WHAT YOU NEED TO DO: Word for word, copy the listing below and leave out its images.

COLLECTED MATERIAL:
=====
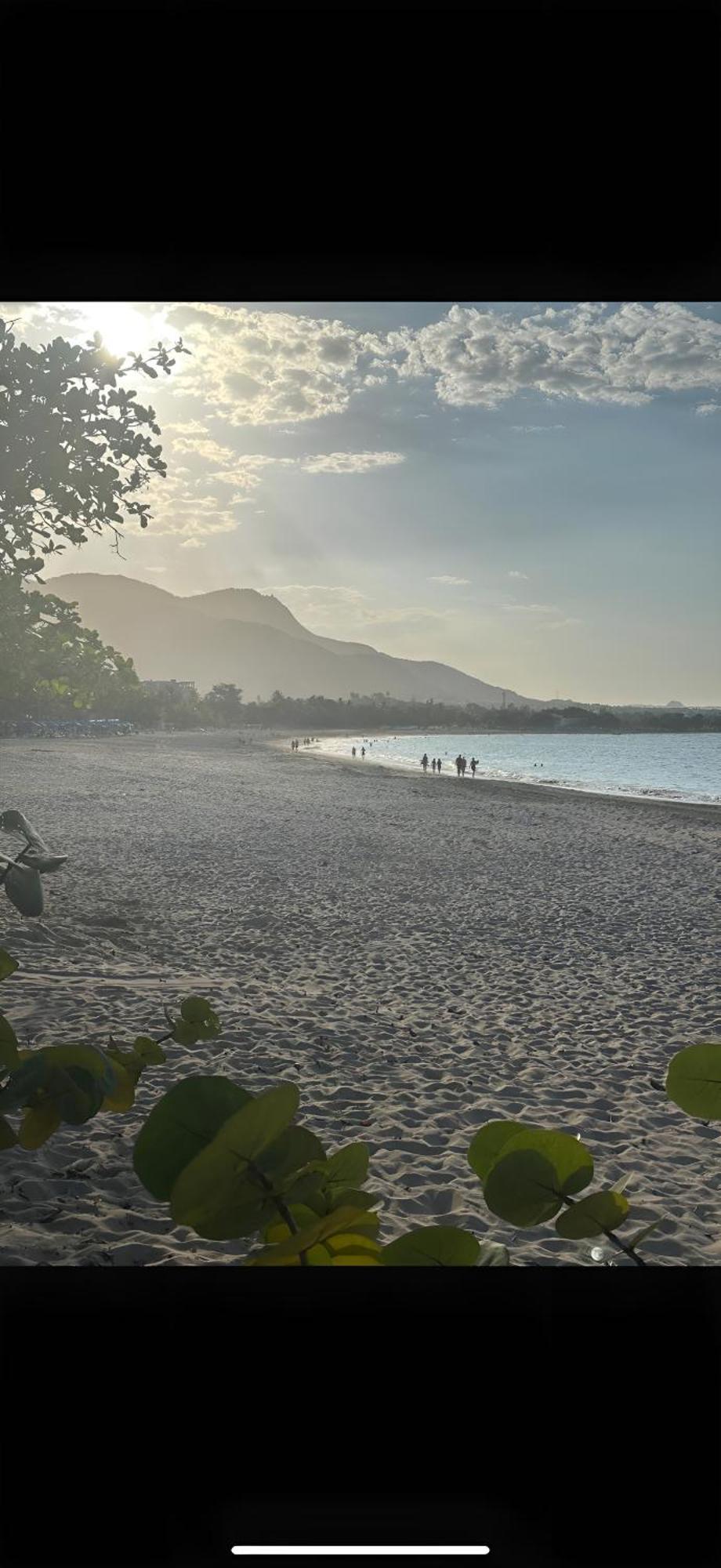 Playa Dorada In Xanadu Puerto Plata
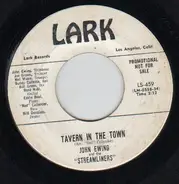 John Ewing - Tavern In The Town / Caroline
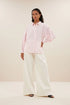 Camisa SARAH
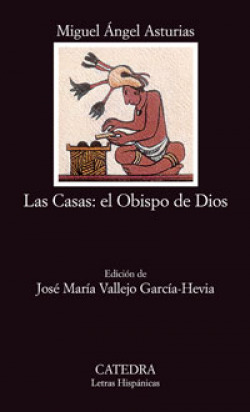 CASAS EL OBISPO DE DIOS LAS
=====
SOLUTION TO THIS EXERCISE:
 Playa Dorada In Xanadu Puerto Plata
 John Ewing - Tavern In The Town / Caroline
 Camisa SARAH
 CASAS EL OBISPO DE DIOS LAS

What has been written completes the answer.